Richieste alle quali la difesa, rappresentata dagli avvocati Cosimo Albanese e Salvatore Staiano, si è opposta, «poiché non utili ai fini della decisione, in particolare la prima», ha commentato Albanese. Sulle richieste la corte scioglierà la riserva nel corso dell’udienza del 9 novembre. Curciarello è tornato in libertà proprio il 9 novembre del 2015, dopo l’annullamento con rinvio della condanna all’ergastolo disposto lo scorso 7 ottobre dalla Cassazione. I giudici della corte d’assise d’appello di Reggio Calabria hanno infatti accolto l’istanza presentata dai difensori di Curciarello e così hanno ordinato la scarcerazione dell’uomo per decorrenza dei termini di fase. Per lui, da quella data, è rimasto solo l’obbligo di firma. La Cassazione, ad ottobre scorso, ha invece assolto definitivamente gli altri tre imputati, ossia Antonio Martino, Antonio Panetta e Domenico Zucco.

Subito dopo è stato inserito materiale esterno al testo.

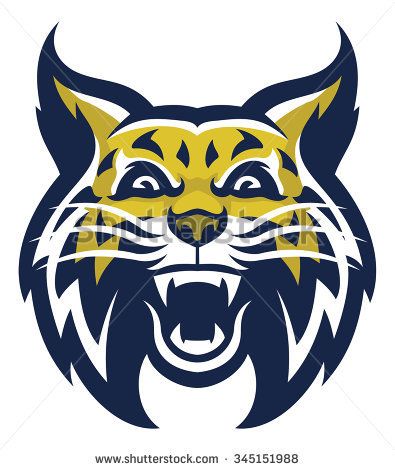 395x470 Wildcat Logo Vector 14 Best Bobcats Logos Images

Un agguato orribile quello che ha lasciato il boss Salvatore Cordì riverso per terra in via Cesare Battisti con una pallottola in faccia. Michele Curciarello per due gradi di giudizio è stato condannato come colui che sparò al capobastone; colui che il pomeriggio del 31 maggio del 2005, dopo essere arrivato a Siderno a bordo di una moto, indirizzò due colpi di fucile verso lo storico boss. Uno andò a vuoto, mentre il secondo colpì in testa Cordì che si accasciò sui gradini di un esercizio commerciale.

Dopo alcune ore, “u cinesi” morì all’ospedale di Locri e così, secondo la Dda, la cosca rivale, quella dei Cataldo, vendicava la morte di Giuseppe Cataldo, classe 1969, avvenuta il 15 febbraio dello stesso anno. Inoltre Curciarello avrebbe avuto anche un movente personale, perché uccidendo Cordì avrebbe rivendicato l’omicidio del cognato Pietro Caccamo, a sua volte fratellastro di Giuseppe Cataldo, ucciso secondo la ‘ndrina sempre dagli storici avversari. Quel delitto era l’ultimo capitolo di una sanguinosa faida iniziata nel 1967, a piazza mercato, a Locri, tra le cosche opposte dei Cordì e dei Cataldo.

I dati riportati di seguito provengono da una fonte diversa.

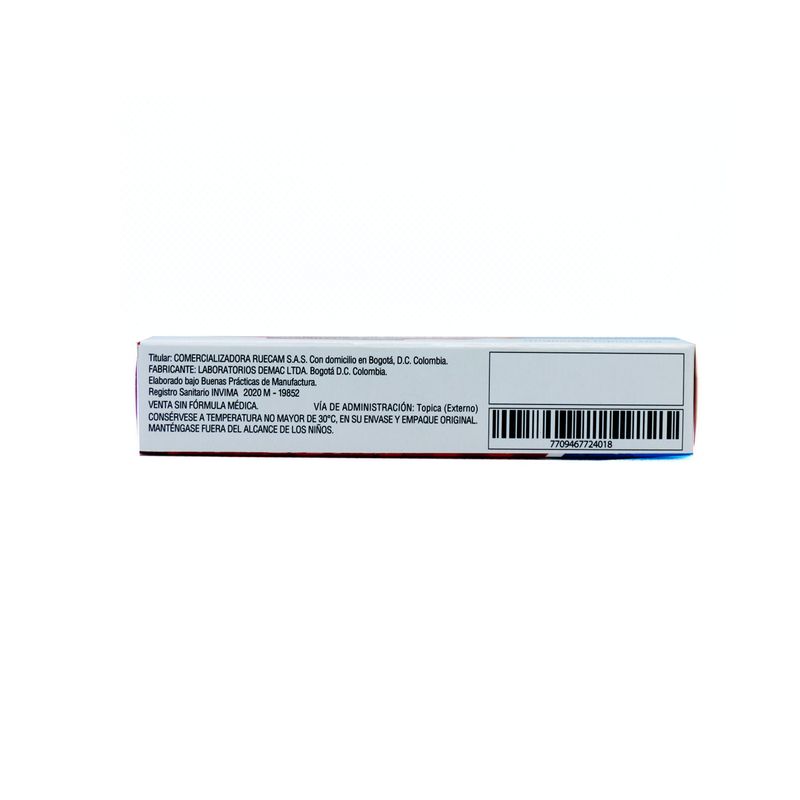 Aclovisir Ungüento Tubo X 20 G Ruecam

Secondo due gradi di giudizio sarebbe stato Antonio Cataldo, alias “Papuzzella”, a ordinare l’omicidio per vendicare il suo morto ammazzato. Ma dopo un annullamento con rinvio in Cassazione, a marzo del 2013, “Papuzzella” venne assolto: non fu lui ad ordinare quell’omicidio, dicono i giudici, giudizio confermato anche dalla Cassazione. Una storia senza un finale, che secondo il collaboratore di giustizia Domenico Oppedisano, fratellastro di Salvatore Cordì, è finita invece con una pax mafiosa. I clan, ora, penserebbero solo a far soldi: «I Cataldo e i Cordì hanno siglato la pace – aveva affermato davanti ai magistrati – e si sono divisi il territorio». Ora c’è da capire se sia stato o meno Curciarello a sparare. Le motivazioni con le quali i giudici della Suprema corte hanno rispedito indietro gli atti parlano chiaro: «l’esistenza della faida e di un credibile movente – si legge nelle carte – non sono sufficienti a provare l’esecuzione del reato da parte di Curciarello Michele perché, come già affermato da questa corte nella sentenza sezione 1, sentenza numero 20531 del 2012, emessa sul ricorso di Cataldo Antonio, le dichiarazioni accusatorie sono dichiarazioni de relato caratterizzate da incertezza, quanto alla fonte e al contenuto che le rende di rilievo probatorio debole sotto il profilo dell’affidabilità. Le stesse infatti non fanno riferimento a fatti e circostanze direttamente percepite dagli informatori dei due collaboratori ovvero notizie apprese nell’ambito del sodalizio Cataldo ma esprimono quello che è il convincimento del gruppo colpito».